--- START ---

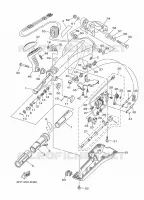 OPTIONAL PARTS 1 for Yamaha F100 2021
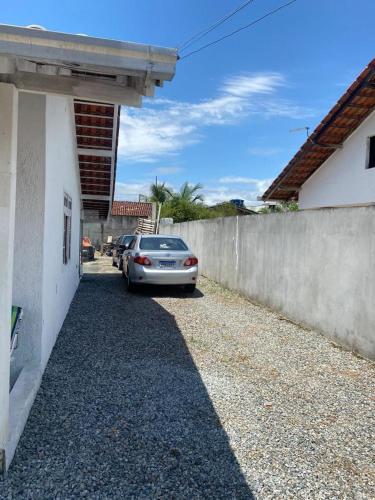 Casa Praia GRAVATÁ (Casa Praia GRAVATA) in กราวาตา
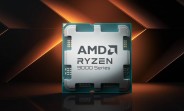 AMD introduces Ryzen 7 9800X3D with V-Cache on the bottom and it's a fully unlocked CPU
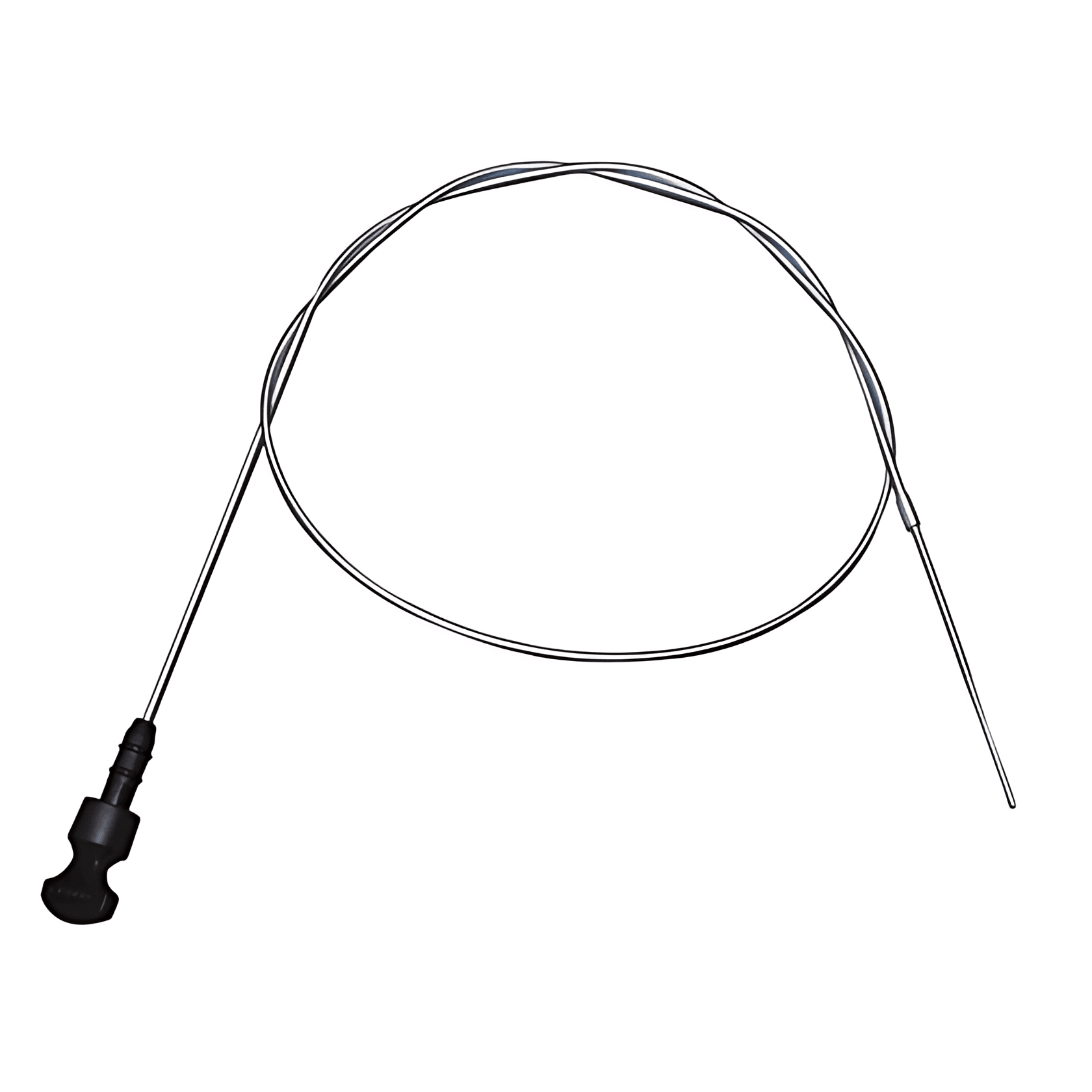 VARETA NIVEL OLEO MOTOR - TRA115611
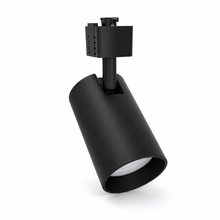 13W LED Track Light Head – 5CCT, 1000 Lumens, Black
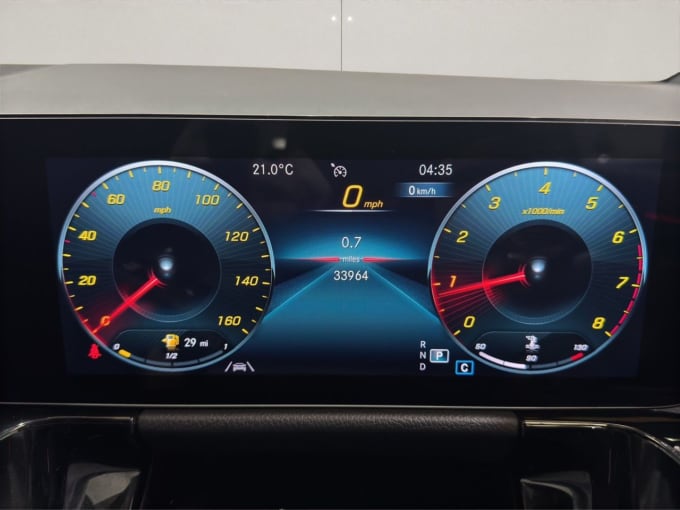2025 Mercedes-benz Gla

--- END ---

We ask that the entries above be copied exactly, with the pictures omitted.

▶ PROBLEM SOLUTION:
 OPTIONAL PARTS 1 for Yamaha F100 2021
 Casa Praia GRAVATÁ (Casa Praia GRAVATA) in กราวาตา
 AMD introduces Ryzen 7 9800X3D with V-Cache on the bottom and it's a fully unlocked CPU
 VARETA NIVEL OLEO MOTOR - TRA115611
 13W LED Track Light Head – 5CCT, 1000 Lumens, Black
2025 Mercedes-benz Gla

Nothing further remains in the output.